Leonardo utilizou o desenho para projetar máquinas e aparelhos para o homem
melhor trabalhar, navegar, mergulhar, voar e se defender. Não se tem notícia de
maquetes, da época, de suas invenções. Mas seus desenhos eram tão
cientificamente corretos e inovadores que seriam realizados alguns séculos
depois. Ele estava tão avançado para sua época que praticamente só um de seus
projetos foi executado em vida, a bela escadaria em hélice e contra-hélice do
palácio Chambord, na França.
Leonardo foi o mais brilhante dos muitos gênios do Renascimento, que colocaram o
homem no centro do universo inaugurando a Modernidade e desbancando o
teocentrismo medieval. Gênios como Michelangelo e Maquiavel, que denunciou que o
poder dos monarcas não era dado por Deus, senão emanava das artimanhas do
príncipe. Comemorar o maior gênio do Renascimento é lutar contra o obscurantismo
do terraplanismo e do criacionismo dos gurus e falsos filósofos, que se dizem
pós-modernos. A terra é redonda, mas com eles está ficando chata.
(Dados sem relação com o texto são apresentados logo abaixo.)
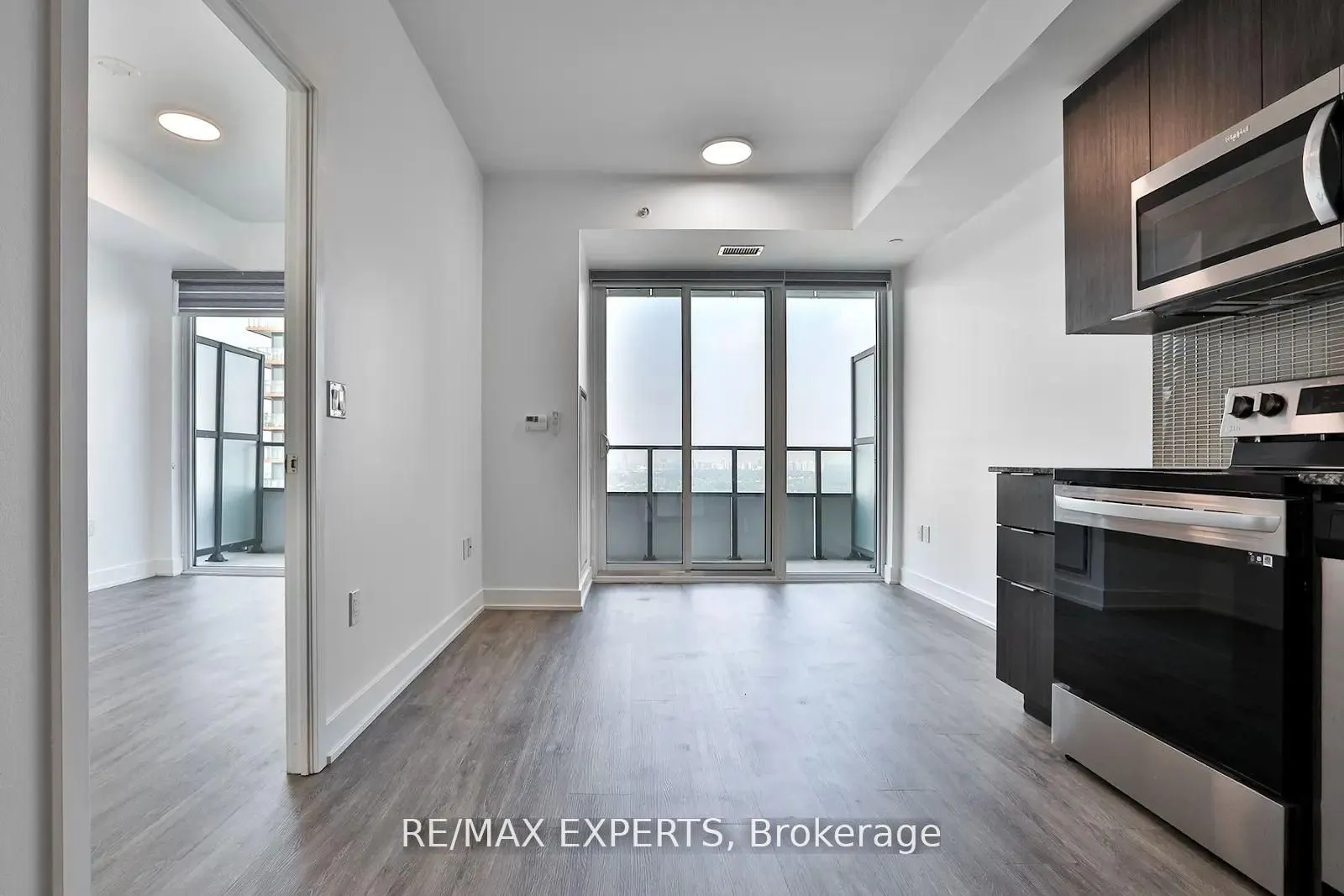 20 Shore Breeze Drive, #3703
Italianos e franceses se digladiam para organizarem a maior exposição de sua
obra. Mas sua arte e invenções são universais. Leonardo mostrou que razão e
emoção não são incompatíveis, mas complementares. Seu grande sonho era ver o
homem voar. Ele projetou o paraquedas, a asa delta, o planador humano (wingsuit)
e o helicóptero. Seu sonho só foi realizado quatro séculos depois por um
brasileiro, Santos Dumont.
Depois de amanhã, dia 27, será inaugurada no Palacete das Artes a mais
importante exposição sobre Leonardo da Vinci no Brasil. O também engenheiro
Thales de Azevedo Filho, apaixonado pela obra do gênio, deu terceira dimensão,
movimento e vida a 55 desenhos de máquinas de Leonardo, para mostrar aos jovens
baianos que a educação se faz com vividas redescobertas e não com a decoreba.